### Record set ###

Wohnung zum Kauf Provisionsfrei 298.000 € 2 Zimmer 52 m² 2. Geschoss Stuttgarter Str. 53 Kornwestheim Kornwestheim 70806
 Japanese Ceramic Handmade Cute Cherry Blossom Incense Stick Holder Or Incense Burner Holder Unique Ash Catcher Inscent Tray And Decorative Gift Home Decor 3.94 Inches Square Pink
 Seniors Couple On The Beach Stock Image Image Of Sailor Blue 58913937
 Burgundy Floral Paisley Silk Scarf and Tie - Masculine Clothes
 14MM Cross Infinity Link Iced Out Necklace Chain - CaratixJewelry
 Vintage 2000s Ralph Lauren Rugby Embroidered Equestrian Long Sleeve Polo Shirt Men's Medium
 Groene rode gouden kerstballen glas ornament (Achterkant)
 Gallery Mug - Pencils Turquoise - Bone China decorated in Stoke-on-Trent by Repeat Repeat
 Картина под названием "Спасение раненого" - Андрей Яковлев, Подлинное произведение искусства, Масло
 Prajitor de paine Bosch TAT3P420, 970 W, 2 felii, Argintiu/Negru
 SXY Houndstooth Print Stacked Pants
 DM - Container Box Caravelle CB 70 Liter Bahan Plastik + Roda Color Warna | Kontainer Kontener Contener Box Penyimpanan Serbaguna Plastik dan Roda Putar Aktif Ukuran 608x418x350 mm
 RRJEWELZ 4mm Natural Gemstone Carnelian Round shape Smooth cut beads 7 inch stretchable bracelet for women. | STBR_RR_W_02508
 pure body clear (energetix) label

###

◆ **Task description**:
All of the data above needs to be retyped exactly, with each line as it stands.

◆ **Completed exercise**:
Wohnung zum Kauf Provisionsfrei 298.000 € 2 Zimmer 52 m² 2. Geschoss Stuttgarter Str. 53 Kornwestheim Kornwestheim 70806
 Japanese Ceramic Handmade Cute Cherry Blossom Incense Stick Holder Or Incense Burner Holder Unique Ash Catcher Inscent Tray And Decorative Gift Home Decor 3.94 Inches Square Pink
 Seniors Couple On The Beach Stock Image Image Of Sailor Blue 58913937
 Burgundy Floral Paisley Silk Scarf and Tie - Masculine Clothes
 14MM Cross Infinity Link Iced Out Necklace Chain - CaratixJewelry
 Vintage 2000s Ralph Lauren Rugby Embroidered Equestrian Long Sleeve Polo Shirt Men's Medium
 Groene rode gouden kerstballen glas ornament (Achterkant)
 Gallery Mug - Pencils Turquoise - Bone China decorated in Stoke-on-Trent by Repeat Repeat
 Картина под названием "Спасение раненого" - Андрей Яковлев, Подлинное произведение искусства, Масло
 Prajitor de paine Bosch TAT3P420, 970 W, 2 felii, Argintiu/Negru
 SXY Houndstooth Print Stacked Pants
 DM - Container Box Caravelle CB 70 Liter Bahan Plastik + Roda Color Warna | Kontainer Kontener Contener Box Penyimpanan Serbaguna Plastik dan Roda Putar Aktif Ukuran 608x418x350 mm
 RRJEWELZ 4mm Natural Gemstone Carnelian Round shape Smooth cut beads 7 inch stretchable bracelet for women. | STBR_RR_W_02508
 pure body clear (energetix) label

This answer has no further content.